John Dickson & Son
- Company type: Private
- Industry: Firearms
- Founded: 1840^{[verification needed]}
- Founder: John Dickson
- Headquarters: Edinburgh, Scotland, United Kingdom
- Key people: Jean-Pierre “J-P” Daeschler
- Products: Double rifles, Bolt-action rifles, Shotguns
- Website: www.john-dickson.com

= John Dickson & Son =

Scottish gunmaker

John Dickson & Son is a Scottish gunmaker established in Edinburgh in 1820, specialising in high-end bespoke sporting guns.

==History==

Founder John Dickson was born in Edinburgh's Canongate in 1794, and was apprenticed at the age of 12 to James Wallace, an Edinburgh gunmaker. Dickson completed his apprenticeship in 1813 and by 1840 was in business in his own right at 60 Princes Street.

In 1880 Dickson won a patent dispute for his trigger plate action, and in 1859 Dickson made the first pinfire breechloader under Brazier’s patent followed by guns on Westley Richards, Thomas Horsley and later Lancaster’s patents, ultimately arriving at the first of his own ‘Round Action’ design guns in 1880.

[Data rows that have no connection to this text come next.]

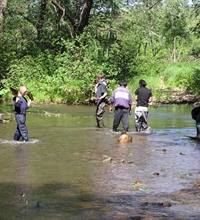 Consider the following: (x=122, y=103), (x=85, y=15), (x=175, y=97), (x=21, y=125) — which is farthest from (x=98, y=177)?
(x=175, y=97)

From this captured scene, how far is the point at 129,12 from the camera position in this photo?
35875mm

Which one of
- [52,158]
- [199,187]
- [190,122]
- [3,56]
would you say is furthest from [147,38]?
[199,187]

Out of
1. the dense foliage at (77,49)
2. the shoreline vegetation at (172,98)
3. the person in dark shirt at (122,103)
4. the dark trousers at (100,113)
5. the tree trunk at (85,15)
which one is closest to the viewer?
the person in dark shirt at (122,103)

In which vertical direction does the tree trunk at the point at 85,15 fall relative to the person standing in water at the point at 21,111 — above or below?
above

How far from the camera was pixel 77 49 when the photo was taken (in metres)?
30.4

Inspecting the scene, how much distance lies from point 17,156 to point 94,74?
19.2 m

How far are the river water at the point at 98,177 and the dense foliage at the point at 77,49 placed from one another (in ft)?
46.2

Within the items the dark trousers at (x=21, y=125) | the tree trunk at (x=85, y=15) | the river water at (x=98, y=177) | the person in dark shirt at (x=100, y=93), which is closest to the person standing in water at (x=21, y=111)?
the dark trousers at (x=21, y=125)

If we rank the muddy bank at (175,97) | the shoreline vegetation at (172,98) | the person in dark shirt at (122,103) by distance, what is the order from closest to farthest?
the person in dark shirt at (122,103), the shoreline vegetation at (172,98), the muddy bank at (175,97)

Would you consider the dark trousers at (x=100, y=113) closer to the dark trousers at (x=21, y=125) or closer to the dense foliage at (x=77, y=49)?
the dark trousers at (x=21, y=125)

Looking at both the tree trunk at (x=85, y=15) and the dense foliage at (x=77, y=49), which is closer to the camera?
the dense foliage at (x=77, y=49)

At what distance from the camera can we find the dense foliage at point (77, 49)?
29.6 m

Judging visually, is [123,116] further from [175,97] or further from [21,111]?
[175,97]

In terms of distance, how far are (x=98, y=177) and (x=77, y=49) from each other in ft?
73.2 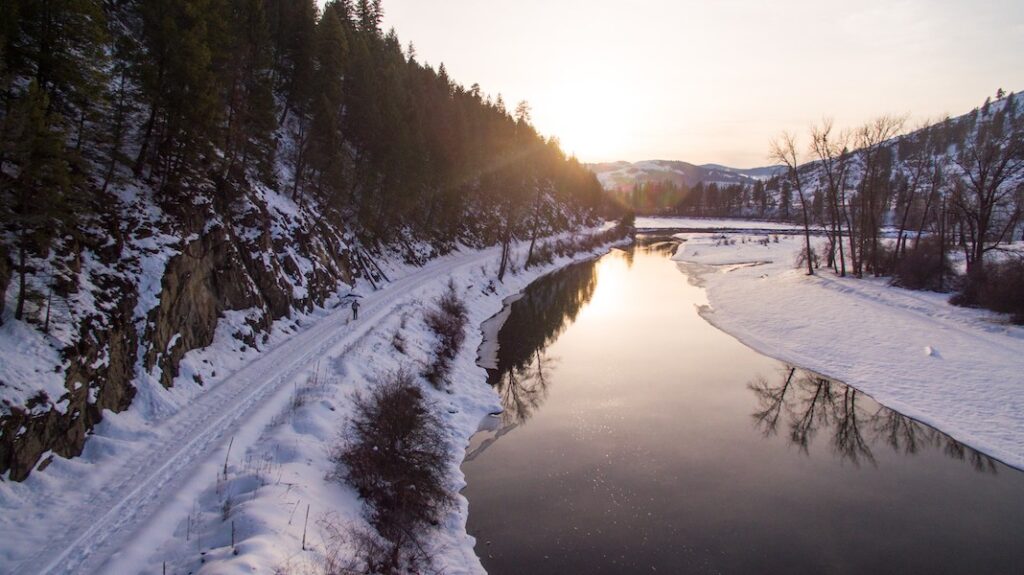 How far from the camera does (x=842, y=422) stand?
18.7 meters

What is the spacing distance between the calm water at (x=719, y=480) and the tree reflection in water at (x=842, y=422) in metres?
0.07

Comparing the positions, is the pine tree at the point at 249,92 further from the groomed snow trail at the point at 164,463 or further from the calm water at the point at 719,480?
the calm water at the point at 719,480

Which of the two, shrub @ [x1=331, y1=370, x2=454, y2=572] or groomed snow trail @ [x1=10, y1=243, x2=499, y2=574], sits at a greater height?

John's son, John Jr, followed him into the family business. Later John Jr's sons, John and Peter, took up ownership of the business. Peter died at sea in 1892 and, having no heir, John sold the business to J. Hayhoe in 1923.

In 1937 the company moved to Frederick Street in Edinburgh's New Town.

In 1999 the company was bought by investor Charles Palmer, who consolidated a number of other high-end Scottish gun manufactures under the company. By 2001 the company had expanded out into a workshop in Dunkeld called The Steadings. Over time a shop and showroom were added.

In 2017 the company closed the Frederick Street premises, retaining its premises in Dunkeld.

In 2019 the company was bought by Jean-Pierre Daeschler.

==Brands==
In addition to John Dickson & Son, the company acquired over the years a number of other Scottish gunsmiths and continues to manufacturer their famous firearms.

McNaughton - Manufacturer of the McNaughton Edinburgh Gun.

==Famous clientele==
- Lord Byron
- Charles Gordon - Who bought so many John Dickson & Son guns his family took out a restraining order to prevent him buying any more.